The Washington Post learns that more than 187,000 students have been exposed to gun violence while at school.

Courtesy of WaPo: 

Over the past two decades, a handful of massacres that have come to define school shootings in this country are almost always remembered for the students and educators slain. Death tolls are repeated so often that the numbers and places become permanently linked. 

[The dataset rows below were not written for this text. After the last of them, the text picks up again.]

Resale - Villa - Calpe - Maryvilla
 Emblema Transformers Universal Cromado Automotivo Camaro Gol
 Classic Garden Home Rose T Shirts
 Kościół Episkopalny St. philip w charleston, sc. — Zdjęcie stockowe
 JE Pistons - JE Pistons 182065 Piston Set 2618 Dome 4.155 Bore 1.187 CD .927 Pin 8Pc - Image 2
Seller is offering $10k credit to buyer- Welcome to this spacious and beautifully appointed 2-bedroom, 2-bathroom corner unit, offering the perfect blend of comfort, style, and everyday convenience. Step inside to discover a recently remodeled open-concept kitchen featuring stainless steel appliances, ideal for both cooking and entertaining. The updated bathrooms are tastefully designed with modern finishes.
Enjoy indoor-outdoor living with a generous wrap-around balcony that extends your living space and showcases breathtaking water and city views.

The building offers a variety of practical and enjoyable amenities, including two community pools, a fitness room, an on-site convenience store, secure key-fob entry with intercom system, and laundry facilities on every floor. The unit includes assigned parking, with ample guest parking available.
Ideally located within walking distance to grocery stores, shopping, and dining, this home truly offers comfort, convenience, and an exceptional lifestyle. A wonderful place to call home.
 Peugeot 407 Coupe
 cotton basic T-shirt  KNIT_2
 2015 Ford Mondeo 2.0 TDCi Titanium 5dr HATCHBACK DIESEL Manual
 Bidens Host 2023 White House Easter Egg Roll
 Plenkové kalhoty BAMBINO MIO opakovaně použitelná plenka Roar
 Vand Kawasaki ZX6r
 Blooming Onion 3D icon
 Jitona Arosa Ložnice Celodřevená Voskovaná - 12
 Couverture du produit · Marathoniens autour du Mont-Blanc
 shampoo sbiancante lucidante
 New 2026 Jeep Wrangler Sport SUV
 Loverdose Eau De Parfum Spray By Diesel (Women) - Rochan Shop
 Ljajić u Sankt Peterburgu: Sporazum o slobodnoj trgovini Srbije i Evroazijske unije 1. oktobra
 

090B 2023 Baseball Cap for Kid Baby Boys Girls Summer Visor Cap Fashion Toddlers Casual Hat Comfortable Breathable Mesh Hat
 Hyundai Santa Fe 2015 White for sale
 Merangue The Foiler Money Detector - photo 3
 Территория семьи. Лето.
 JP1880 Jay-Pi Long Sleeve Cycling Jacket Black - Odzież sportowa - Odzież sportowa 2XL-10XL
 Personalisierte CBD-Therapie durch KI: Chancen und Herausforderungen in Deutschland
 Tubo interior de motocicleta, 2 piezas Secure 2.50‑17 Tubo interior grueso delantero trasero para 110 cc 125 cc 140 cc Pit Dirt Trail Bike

What those figures fail to capture, though, is the collateral damage of this uniquely American crisis. Beginning with Columbine in 1999, more than 187,000 students attending at least 193 primary or secondary schools have experienced a shooting on campus during school hours, according to a year-long Washington Post analysis. This means that the number of children who have been shaken by gunfire in the places they go to learn exceeds the population of Eugene, Ore., or Fort Lauderdale, Fla. 

Many are never the same. 

School shootings remain extremely rare, representing a tiny fraction of the gun violence epidemic that, on average, leaves a child bleeding or dead every hour in the United States. While few of those incidents happen on campuses, the ones that do have spread fear across the country, changing the culture of education and how kids grow up. 

Every day, threats send classrooms into lockdowns that can frighten students, even when they turn out to be false alarms. Thousands of schools conduct active-shooter drills in which kids as young as 4 hide in darkened closets and bathrooms from imaginary murderers. 

“It’s no longer the default that going to school is going to make you feel safe,” said Bruce D. Perry, a psychiatrist and one of the country’s leading experts on childhood trauma. “Even kids who come from middle-class and upper-middle-class communities literally don’t feel safe in schools.”

These statistics are terrifying.

No child should have to fear going to school, or sitting down in a movie theater, or shopping at the local mall.

And yet many of them live with that fear every single day.

That is why this march on Saturday is so important.

It might not change anything on its own, but it is the first positive steps in that direction.